2. Description of the Prior Art
The intricate characteristics of hardness, toughness, wear, and corrosion resistance of advanced materials such as silicon nitrides have made them ideal candidates for high-performance structural applications. These unique properties, on the other hand, also have made them very difficult to machine. For example, their high hardness makes it necessary to use diamond tools to shape and fabricate them, and if the machining force is too high, surface cracks can render the materials unusable. Therefore, the current machining technology uses very shallow penetration depth and slow machining rate to reduce the potential of surface damage. This makes the machining process long and expensive. Tool wear of the diamond also adds to the cost. The G ratios (amount of diamond wheel wear to amount of material removed) are typically small when compared to the case of conventional machining of metals by machine tools. Accordingly, the cost of machining advanced materials has become very high, amounting to 50 to 90% of the component cost of tough materials such as silicon nitrides.

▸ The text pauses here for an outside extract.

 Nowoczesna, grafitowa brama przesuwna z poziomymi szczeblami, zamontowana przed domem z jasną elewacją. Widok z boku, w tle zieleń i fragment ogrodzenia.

Various compounds have been employed to assist the machining of ceramics, but none of them is entirely satisfactory. For example, it has been reported that barium carbonate powders can be used to provide improved polishing of ceramics (See Yasunaga et al., "Mechanism and Application of the Mechanochemical Polishing Using Soft Powders," NBS SP 561 (1979)). Improved polishing of quartz using Fe.sub.3 O.sub.4 and MgO has also been described. Vora et al. have described the use of Fe.sub.2 O.sub.3 and Fe.sub.3 O.sub.4 for polishing silicon nitride in "Mechanochemical Polishing of Silicon Nitride," Am. Cer. Soc., p. C140 (1982), and the polishing of boron carbide by NiO or SiO.sub.2 is described in "A Study of Mechanochemical Machining of Ceramics and the Effect on Thin Film Behavior," Office of Naval Res., No. N00014-80-C-0437-2 (1983). All of these processes suggest that by using their powders, some thin films on the order of 1000 .ANG. thick are formed on the ceramic surface, and that these films can be easily removed without causing damage to the surface. These processes result in a reduction of residual surface damage and improved surface quality, but no increase in the material removal rate. In fact, many of these actually decreased the material removal rate and none of these processes provided an improved machining rate over the conventional diamond tool methods.

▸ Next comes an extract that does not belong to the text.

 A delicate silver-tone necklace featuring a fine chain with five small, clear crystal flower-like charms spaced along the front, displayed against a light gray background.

In attempting to modify the ceramic surface using chemicals, the reactivity of compounds with ceramics must be considered. At first, it might seem that chemicals that work for metals might work for ceramics, but there are fundamental differences in the chemical reactivity between these material classes. In general, ceramics are considered to be chemically inert, while metals are relatively reactive. This occurs because the nature of interatomic bonding is different within metals and ceramics. Metals are held together with metallic bonds, and the electrons are free to move about in the metal. Ceramics are held together by covalent or ionic bonds. Because of the nature of the bonding, ceramics are inherently inert until the bonds are disrupted. Gates in his Ph. D. dissertation (Penn State University, December 1993) has suggested that the dangling bonds of silicon are responsible for the tribochemical reactions taking place between rubbing silicon nitride surfaces. He further found that common antiwear compounds which are effective for metal are not effective in lubricating ceramics. In metals, organometallic chemistry dominates, and in ceramics, surface hydrolysis reactions dominate. Therefore, in examining different chemistries for ceramic machining, the teachings of previous patents in metal-working fluids are not applicable.
Previously, using a diamond blade cutting machine, Wang and Hsu (Journal of Tribology, July 1994, Vol. 116, pp. 423-429) surveyed many chemicals for silicon nitride machining. They discovered, as described in U.S. Pat. No. 5,447,466, that polyhalogenated hydrocarbons were effective in accelerating the cutting rate and at the same time, improving the surface finish of ceramics.
Even the general subject of machining ceramics is relatively new, and the physical and chemical principles involved are not well understood. The current state of the art has been summarized by S. Jahanir et al. in their survey, Ceramic Machining: Assessment of Current Practice and Research Needs in the United States (NIST Special Publication 834, May 1992), and also in Cost Effective Ceramic Machining Highlights (ORNL Report ORNL/M-2827, Apr. 30, 1993). These reports essentially state that many of the basic phenomena in ceramic machining are not understood and that current practice is primarily based on experience and trial and error. Optimization of the wheel, load, speed and the materials to be machined has not been done. The effects of the coolant (machining fluid) used during machining are also not understood.